Sì è vero, le armate meloniane hanno occupato la Rai con particolare brutalità, non lasciando nulla all’opposizione, nemmeno le briciole, e questo sta creando accigliati dibattiti sulla qualità della nostra democrazia.

Si potrebbe obiettare che anche i predecessori di Giorgia Meloni (Renzi, Conte, Draghi) si sono presi l’intera posta, curandosi ben poco di accontentare gli avversari, rianimando così l’eterno tema della politica che dovrebbe, una volta per sempre, togliere le sue manacce dalla televisione pubblica come accade in altri paesi, vedi l’immancabile esempio virtuoso della Gran Bretagna con la sua leggendaria Bbc. Tutto molto sensato e molto auspicabile. Eppure in questa ruvida contesa fatta di vendette e di “aventini”, con i suoi eroi celebrati e sconfitti (Fabio Fazio, Lucia Annunziata) c’è qualcosa di decadente, di scollegato dalla realtà.

Come se il televisore fosse ancora oggi quel totem attorno al quale ruota la vita domestica degli italiani o quel diabolico strumento di persuasione politica che denunciavano i sociologi del Nocevento. Non è più cosi da tempo.

Basta osservare le statistiche dell’ultimo decennio: la fuga dalla tv generalista (e dalla tv in generale) è un processo inarrestabile, con il solo 2020 come annata in controtendenza a causa del lockdown. Meno di otto milioni di spettatori di media giornaliera nel 2022, tre milioni in meno rispetto al 2018, cinque in meno dal 2012. Se si corre più indietro con lo sguardo agli anni 80-90 il paragone è addirittura impietoso con una perdita di spettatori di oltre l’80%.

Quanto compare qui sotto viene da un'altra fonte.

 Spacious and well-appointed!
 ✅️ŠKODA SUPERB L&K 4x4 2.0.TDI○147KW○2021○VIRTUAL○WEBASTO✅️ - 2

Un altro dato emblematico è la media di età dei telespettatori italiani: 57 anni, ciò significa che per i giovani (millenial e generazione Z) la tv è poco più di un cimelio che in pochi anni avrà lo stesso esotico appeal del grammofono dei nostri nonni. L’esplosione delle piattaforme streaming con i loro cataloghi on demand, l’informazione online, le testate digitali, i social network, hanno poi completamente rivoluzionato il paesaggio dell’offerta televisiva, innestandosi ai nuovi supporti, tablet, smartphone, pc.

Pensare di poter contrapporre i vecchi carrozzoni della tv di Stato al vorticoso proliferare di contenuti video sul web oltre a essere illusorio è quasi patetico. Per questo la bulimica e rancorosa occupazione delle poltrone da parte della maggioranza e le indignate proteste dell’opposizione che grida al minculpop sono passaggi un conflitto autoreferenziale. Animata dall’idea che chi occupa Viale Mazzini conquisti automaticamente nuovi elettori; il trionfo di Giorgia Meloni dello scorso autunno con una Rai tutta draghiana sta lì a smentire l’assioma.

I Tg e i talk show ormai non spostano più un solo voto, gli italiani si informano per conto loro e scelgono per conto loro, peraltro bruciando in fretta più di un leader. Il giro di nomine di questi giorni è solo un modo di distribuire favori e potere agli amici e di vendicarsi dei nemici. Uno spettacolo decadente per una guerra del secolo scorso.